Today, the online forum is the single most notable gathering place for ideas and conversation. What could be more human than people reaching across time and space to discuss their interests, ambitions, hopes, dreams, fears… Friendships are forged, information shared, and movements started in these quiet corners of the web. Look at memes! I can’t think of anything more human than that: a simple visual joke pattern that can be replicated and repeated ad nauseum.
From cave paintings to Roman graffiti, it’s somewhere in human nature to try to make a quick, often vulgar joke and share it. I guess what I’m saying is this: people love to talk about the Internet as though it has changed us. I don’t believe it has. It’s just given us a new place to be ourselves. And, if anything, it has improved us by allowing us access to more information and more people. Humanity is the same as it’s always been. Now it just has Google to tell it to be or not to be.
How did carrying out research for this book and writing it change your ordinary life, if it has?
LC: I wish I could say that it made me an expert on technology. It didn’t. If anything, it made me realize just how much I have left to learn. Every time I’m online now, I’m absolutely awed by the amount of brainpower that had to go into all of it, by how much collaboration and cooperation it takes to keep it all working. I look over code, and I am floored by the intricacy of it all: a symphony of human effort and concentration. I only understand about 5% of it.

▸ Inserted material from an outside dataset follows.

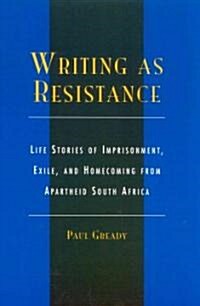 Writing as Resistance: Life Stories of Imprisonment, Exile, and Homecoming from Apartheid South Africa (Hardcover)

Sometimes, my ignorance gives me pause— what are they doing with my information? am I being tracked? that sort of thing… Most of the time, however, it fills me with this immense hope. Look at what we, collectively, did! People came together to create this amazing thing, and now people contribute constantly to it and build it up with their own experiences, stories, and hobbies. I’m so glad to be alive at a time when I can watch it all unfold. It’s truly incredible.
A member of the Notre Dame faculty since 1997, Carolyn Nordstrom is an anthropologist at home in lecture hall and war zone alike. She studies wars, the illegal drug trade, gender relationships, and war profiteering. Her research has made her an eyewitness and scholar of worldwide urban and rural battlefields as well as of the shadowy worlds of diamond, drug, and arms and smuggling. In addition to her teaching and lecturing, she was recently awarded John D. and Catherine T. MacArthur and John Simon Guggenheim Fellowships and has written dozens of articles and several books including “Global Outlaws: Crime, Money, and Power in the Contemporary World,” “Shadows of War: Violence, Power, and International Profiteering in the 21st Century,” “A Different Kind of War Story,” “Fieldwork Under Fire: Contemporary Stories of Violence and Survival,” and “The Paths to Domination, Resistance, and Terror.”
Lisa Carlson wrote “Cyber Shadows” while studying anthropology at the University of Notre Dame. She has since graduated and moved to New York, where she now works in digital television.